Il primo ministro etiope Abiy Ahmed e il presidente eritreo Isaias Afwerki hanno firmato una dichiarazione che pone fine allo stato di guerra tra i due Paesi. La firma del documento è arrivata oggi, lunedì 9 luglio, dopo lo storico incontro tra i due leader avvenuto ieri ad Asmara, capitale dell’Eritrea, il primo dopo oltre un ventennio di gelo diplomatico seguito alla guerra del 1998-2000. L’intesa per la fine dello stato di guerra prevede la ripresa del traffico aereo e navale e la possibilità per le persone di circolare tra i due Paesi, la riapertura delle ambasciate, il riallacciamento delle linee telefoniche tra i due Stati. Inoltre l’Eritrea concederà all’Etiopia, priva di sbocchi sul mare, l’utilizzo dei suoi porti.
Il disgelo tra i due Paesi arriva a pochi mesi dall’entrata in carica del nuovo primo ministro etiope, il riformatore Abiy Ahmed di etnia oromo, il gruppo etnico maggioritario nel Paese marginalizzato dal governo centrale di Addis Abeba. Prima della sua nomina era impensabile che l’Etiopia avrebbe accettato di riconoscere all’Eritrea il controllo di Badammé, motivo del conflitto scoppiato nel 1998. Alla guerra di confine, in cui morirono oltre 70mila persine, fu posto formalmente fine con la firma di un accordo di pace nel dicembre del 2000. Tuttavia, da allora l’Etiopia si è sempre rifiutata di accettare la sentenza definitiva di una Commissione indipendente in base alla quale il territorio conteso era stato assegnato all’Eritrea.
Storia della crisi tra i due Paesi
Tra Etiopia ed Eritrea i rapporti sono tesi da decenni. A fasi alterne al confine tra i due Paesi si sono verificati scontri o attacchi diretti da parte dell’esercito etiope che rivendicava il controllo di Badammé, località situata nella regione di Gasc-Barca, assegnata all’Eritrea da una commissione ad hoc istituita dalle Nazioni Unite per porre fine alle dispute territoriali riaccesesi alla fine degli anni Novanta.
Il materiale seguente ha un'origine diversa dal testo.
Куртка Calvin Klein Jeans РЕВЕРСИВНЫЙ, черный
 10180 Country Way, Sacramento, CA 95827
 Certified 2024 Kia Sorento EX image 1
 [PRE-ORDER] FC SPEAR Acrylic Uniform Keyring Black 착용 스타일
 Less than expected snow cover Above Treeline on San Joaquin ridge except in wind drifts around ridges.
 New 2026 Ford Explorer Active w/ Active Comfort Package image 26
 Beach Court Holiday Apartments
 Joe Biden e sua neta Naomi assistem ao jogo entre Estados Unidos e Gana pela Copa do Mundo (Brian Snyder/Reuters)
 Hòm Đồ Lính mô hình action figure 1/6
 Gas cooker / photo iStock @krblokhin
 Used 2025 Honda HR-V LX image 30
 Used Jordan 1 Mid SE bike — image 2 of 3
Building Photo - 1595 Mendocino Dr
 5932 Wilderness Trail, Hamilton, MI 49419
La disputa tra i due Paesi affonda però le proprie radici già nella metà del secolo scorso. Con il ritiro dei colonizzatori italiani, nel 1950 l’Eritrea diventava un’unità autonoma federata all’Etiopia. Ma nel 1962 la degradazione a semplice provincia dell’impero etiope scatenò una reazione indipendentista guidata dal Fronte Popolare per la Liberazione dell’Eritrea (FPLE). La guerra si concluse nel 1991 con la conquista di Asmara e Assab da parte del Fronte. Due anni dopo venne proclamata l’indipendenza nazionale dell’Eritrea con la nomina di Isaias Afewerki a presidente, dittatore tuttora in carica.
Nel 1998 le tensioni con l’Etiopia, relative alla striscia di territorio della città di Badammé al confine tra i due Stati, sono sfociate in una guerra che si è conclusa formalmente nel 2000 con la firma del Trattato di Algeri e l’invio di una missione di pace delle Nazioni Unite (UNMEE, United Nations Mission in Ethiopia and Eritrea), il cui mandato è stato ritirato nel 2008.
Da allora, gli attriti non sono mai definitivamente scemati in quanto Addis Abeba ha continuato a non riconoscere lo status di annessione di Badammé all’Eritrea, mantenendo le sue truppe nell’area di confine, fortemente militarizzata. Negli ultimi anni i due governi hanno proseguito a lanciarsi puntualmente accuse reciproche di attacchi o di sostegno a gruppi ribelli. Nel 2012 l’Etiopia ha attaccato una base militare eritrea accusando il governo di Asmara di sostenere attività terroristiche oltre i suoi confini. I disordini più gravi risalgono soprattutto al 2016. Nel febbraio di due anni fa Addis Abeba ha accusato l’Eritrea di fomentare manifestazioni antigovernative verificatesi nella regione etiope di Oromia. Mentre a giugno dello stesso anno c’è stato uno sconfinamento in territorio eritreo di truppe del TPLF (Fronte Popolare di Liberazione del Tigrè, membro della coalizione EPRDF-Ethiopian People’s Revolutionary Democratic Front al potere in Etiopia) nella zona di Tserona, 130 km a sud di Asmara, nell’Eritrea meridionale. Con la nomina nell’aprile scorso di Abiy Ahmed a primo ministro dell’Etiopia l’inizio della fase di disgelo, culminata oggi con la firma della dichiarazione che pone fine allo stato di guerra.